10) Try to look at the age and level of the artist. On devART, there are many different ages and skill levels. The scale ranges from professionals to amateurs to hobbyists. You may want to be a bit less harsh with a 12 year old or someone that is just doing art for fun than with an aspiring professional that is trying to hone their skills to break into the field.

11) Be willing to put your money where your mouth is. It is not a necessity, but a very nice addition if you can see that the person offering suggestions understands what they are talking about and can demonstrate it in their own work. As I said, this is not a necessity, but I’ve always found I’m far more receptive to taking suggestions from professors and other artists whose work I respect. It shows that they understand what they are saying on both a theoretical and practical level.

12) Do not, I repeat do not use the critique/comment area for promoting your own work. That is extremely bad form. That’s like coming into someone else’s gallery show with fliers for your own or coming to someone’s wedding and trying to upstage the bride, it’s just not done. Mentioning that you have dealt with a similar theme/character and even comparing and contrasting the two is generally accepted, but to use the space to link up your own work is very disrespectful. Obviously, if the artist is interested (and I would hope they are as I’m always interested in seeing how different artists have approached the same subject), they can come over and find it in your gallery, but it is impolite to impose.

13) If you are going to ask a question, be respectful of the artist’s time and read the description first. Nine times out of ten, the question has already been answered there. After all, they were nice enough to take the time to provide all of the information you might need to properly understand a particular piece, if you ignore it, then you are showing disrespect for that original time spent and the time they now must spend answering it again.

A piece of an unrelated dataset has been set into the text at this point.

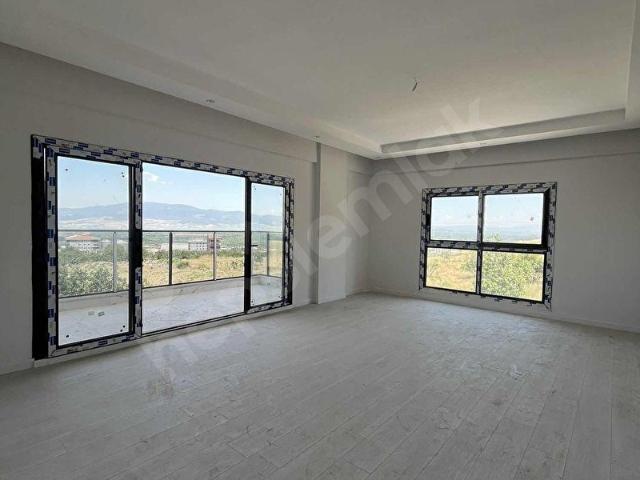 Pavilion Garden Sitesinde 3+1 Yerden Isıtmalı Daire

Now, in the end, these are only suggestion to help both you and the person who you are critiquing. Just like with a critique, you might agree with some or none of these and ultimately, how you approach it is up to you. These are just my own observations and things I have found help me from both ends in terms of understanding where someone else is coming from in offering a critique and helping them understand where I’m coming from when I am offering one. Maybe these tips will prove useful for you and maybe they won’t, but it’s something to think about in anycase.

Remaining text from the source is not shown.